In the United States, despite extreme polarization and opposition, the U.S. Congress has passed several major pieces of legislation which improve the lives of Americans, from the CARES Act during Trump’s incumbency through the March 2021 American Rescue Plan Act, to the recent Infrastructure Bill and (hopefully soon) the Build Back Better Act. Of particular note is that the first two bills put direct cash into individual Americans’ bank accounts, something American politicians have previously been loath to do–and of course it’s a very popular move. Also, the child tax credit in the ARPA bill, if extended, is predicted to cut child poverty in the United States in half.

The 20-year-long U.S. war in Afghanistan is over. What’s more, if you sift through the breathless news coverage, you’ll see that the tens of thousands of people who needed to be evacuated were evacuated efficiently and safely and the smaller numbers are still being helped out of the country.

While the headlines are full of the repulsive acquittal of Kyle Rittenhouse, let us also note that the men who killed Ahmaud Arbery were convicted of murder in Georgia yesterday. And the same week as the Rittenhouse verdict, former Dallas police officer Amber Guyger lost her second appeal, and will stay in jail for having shot and killed Botham Jean in his own apartment. And police officer Eric DeValkenaere was convicted in Missouri of involuntary manslaughter for fatally shooting Cameron Lamb, a Black man causing no trouble in his own back yard. And, of course, the whole world knows that Derek Chauvin was convicted of murdering George Floyd, and sentenced to 22-1/2 years in prison. DeValkenaere’s sentencing is still to come. We note here also that more than 2/3 of the social media posts supporting Rittenhouse come from accounts which disguise their location, and most of them are almost certainly by trolls from Russia, China, and the EU; so don’t simply swallow the “so many Americans support him” narrative.

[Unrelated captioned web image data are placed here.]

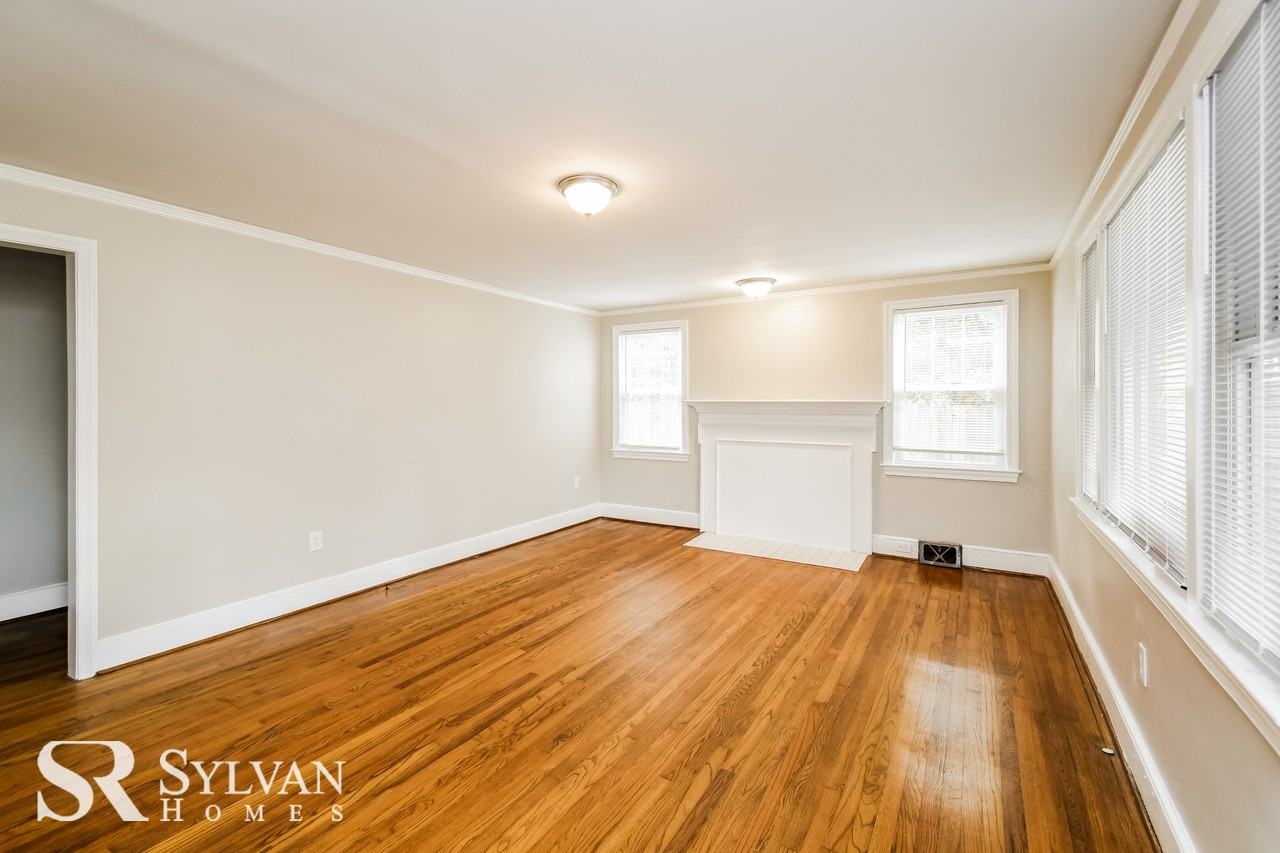 3014 Huron St - Photo 2 of 12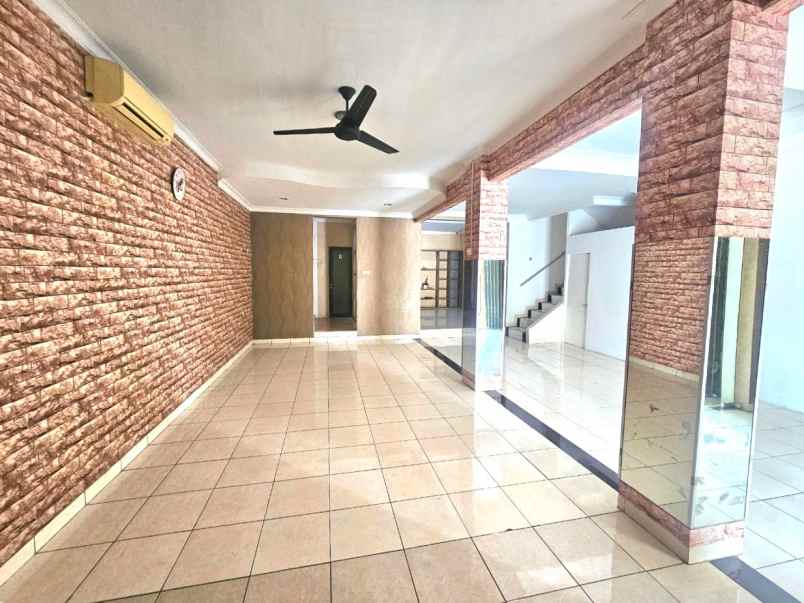 disewakan rumah perumahan boulevard hijau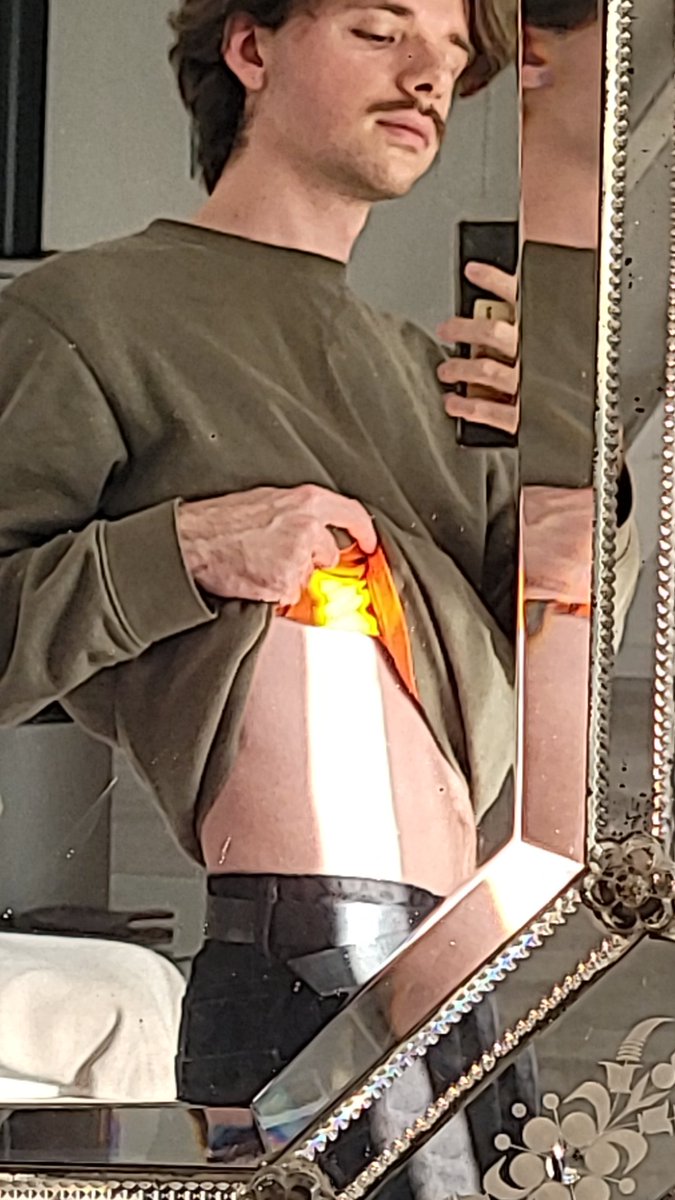 TreiPepene's tweet image. #LGBTQIAWelcomeSpring bref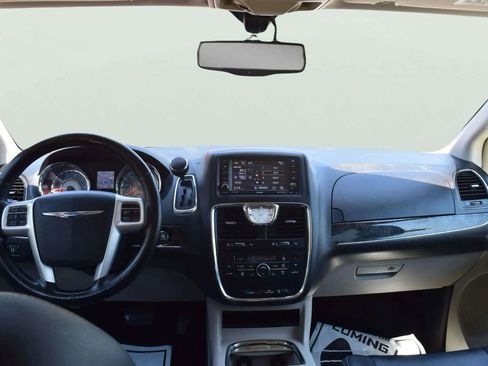 Used 2015 Chrysler Town & Country Touring-L w/ Trailer Tow Group image 25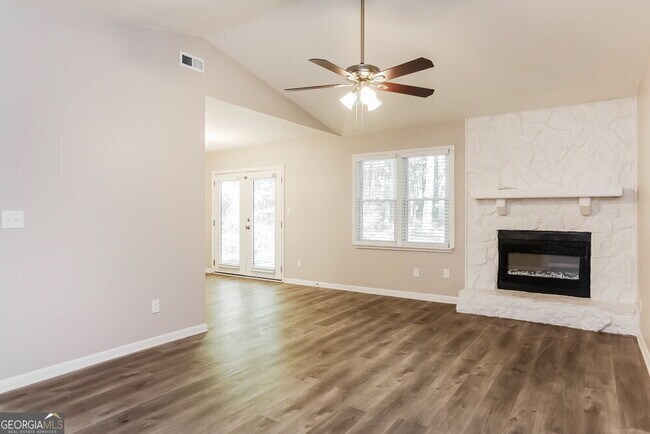 Building Photo - 102 Dove Rise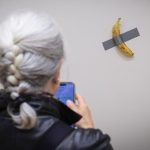 Une banane scotchée à un mur : cette œuvre d'art s'envole à 6,2 millions de dollars à New York
Le prix n'a cessé de grimper durant plusieurs minutes, démarrant à 800 000 dollars pour s'élever à 5,2 millions, soit 6,2 millions avec les frais, quand le son du coup de marteau s'est fait entendre.
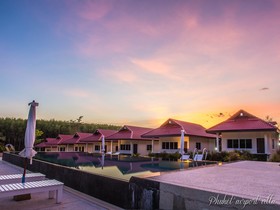 Phuket Airport Villa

In that vein, Sherrilyn Ifill, currently director of the NAACP Legal Defense Fund, reminds us that the sound and fury about everything from the misinformation about critical race theory to the videos of police murders, as awful as they are, especially to BIPOC people like Ifill, is also evidence that we are “at a moment of reckoning,” and things which have been kept hidden for centuries are getting talked about in public.

The much-talked about wave of anti-trans laws is being met by a less-publicized wave of pro-trans court decisions, though no one knows what the Supreme Court will do (other than refusing to hear a case that could have reinstated a school bathroom anti-trans law in Virginia). Meanwhile the Biden administration has both created a third-gender spot on US passports and declared that trans people don’t have to show medical “proof” to choose their passport gender.

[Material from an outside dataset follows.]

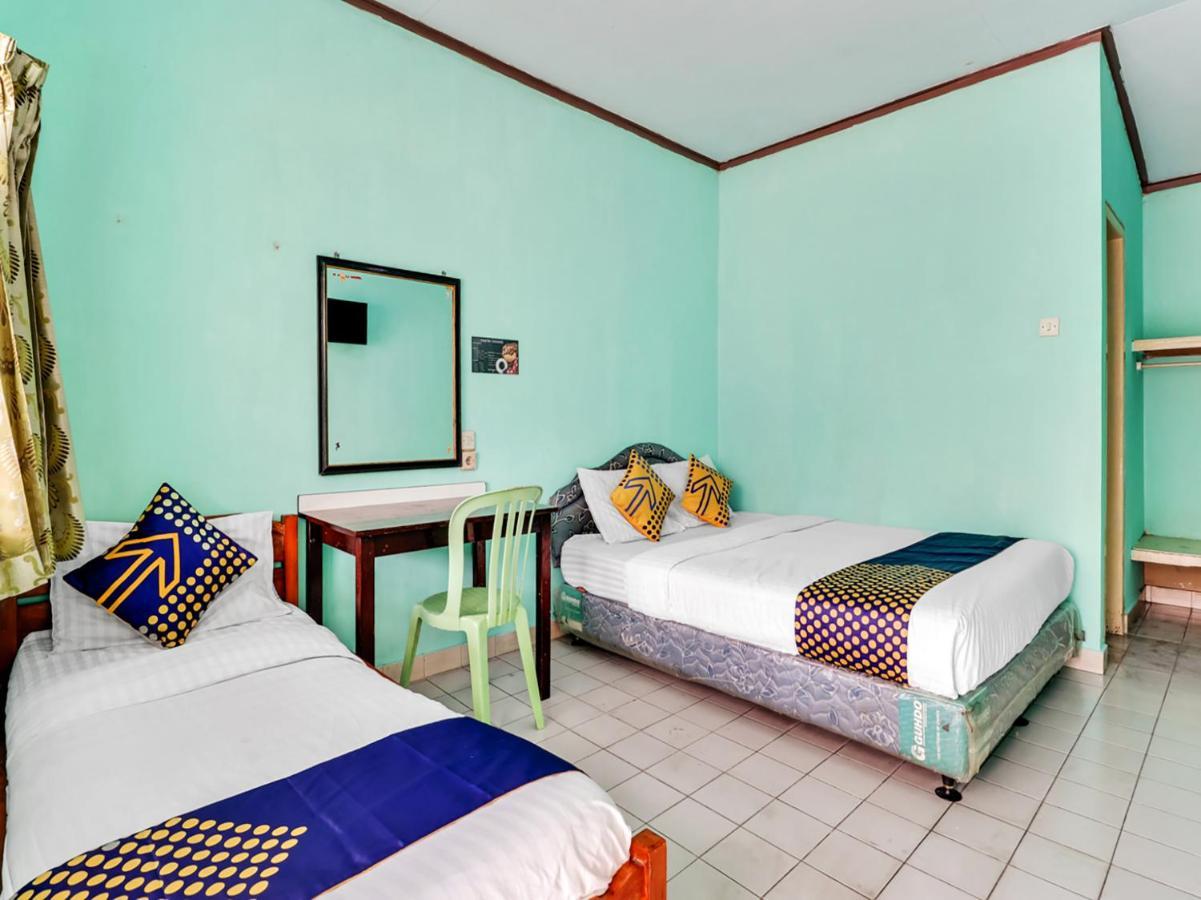 Spot On 90003 Villa Tawang Чианджур Экстерьер фото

Around the world, we see victories for farmers in India, in a very long struggle with the autocratic Indian government. And a desperately needed new constitution in Chile.

Aside from the medical breakthroughs spurred by the coronavirus, space exploration grows with 3 Mars Rovers operating, from the US, the EU, and China.

Sports figures are learning how to take their own agency and power, and not let the media and the sports governing bodies rule their lives. Two particularly notable examples are Japanese tennis star Naomi Osaka, coming out about her mental health and refusing to participate in activities that do her harm (!), and the incomparable gymnast Simone Biles, who has withdrawn from gymnastics and is starkly honest about her reasons.

The wave of climate protests from youth around the world extends far beyond Greta Thunberg. While they (and adults) take to the streets, many scientific advances are nearing implementation, including concrete that can capture carbon, methane-limiting by feeding seaweed to cows, and there is significant spawning activity on the Great Barrier Reef.

We could go on for pages. The news is generally so bleak that many of these things get overlooked or quickly forgotten. We tried to pick some that we think people should know about.

Happy Thanksgiving, if you celebrate, and if you don’t, have a good day.